One afternoon, seeking some refuge in her beloved garden, she noticed the tip of a sweet pea growing through a crack in the pathway. It must have blossomed from a seed that had been dropped during planting. It wouldn’t live long.
– But to her surprise, the plant held on – struggling to grow stronger and taller every day. It wasn’t the prettiest sweet-Pea in the garden, with its twisted stalk and sparse foliage. She placed a small trellis near it to encourage the vine to spread up and out.
Despite its rough beginnings, the vine continued to bud. Its blooms were more abundant and richer in hue than any other plants in her garden. Quite a journey from the crack on the path to the top of the trellis.
The sweet pea plant became her teacher. It counselled her to hope in her own ability to cope, it taught her the way of perseverance. From the plant’s own struggle, she learned that we never ask for the challenges that life places in our way. Inspired by the little plant, she continued anew to seek her own trellis that enabled her to gather strength and courage to move forward.
In today’s Gospel, Jesus calls us to approach the world with a faith that often contradicts society’s value system, a faith that challenges the hopelessness and cynicism in which our own lives are mired. To be a disciple of Jesus is-to struggle to “read the signs” – however small, wherever hidden – of God’s presence in our midst. It is often easier to, remain in our own little cocoon of self-pity, to nurse our own hurts and angers. But the ultimate hope of the Gospel is to move beyond the negatives and seek out, despite the struggle, the never-wavering love of God, love that we make real for one another in our love, support and forgiveness.
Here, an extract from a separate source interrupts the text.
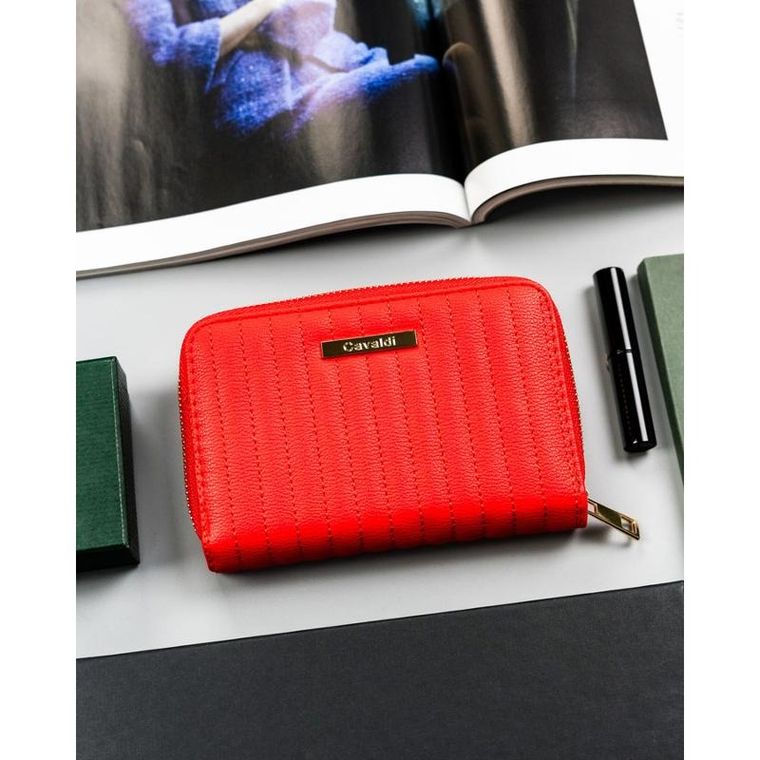 Portfel, czerwony, skóra ekologiczna, 4U Cavaldi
Gospel charity and justice can be at odds with the world. In today’s gospel we learn that Jesus is not the safe, warm, reassuring blanket we believe him to be. His words challenge us to grow beyond our fears, our biases, and our narrow mindedness. Jesus demands more courage, more compassion, and more humility than we believe we are capable of. Christ calls us who would be his disciples to that work of justice and reconciliation, regardless of the cost or consequences
Today’s Gospel reminds us that faithfulness to our baptism in Christ demands that we risk power, prestige and even acceptance to stand up for the dignity and responsibility we all possesses by virtue of being a son and daughter of God. This is not easy and sometimes it very frightening. So let us pray for one another:
May God set us on fire and give us this day the strong, warm hearts of true peacemakers, who are ready to face the truth, and ready to work for change. With grace, may we build God’s peace within us and among us Amen.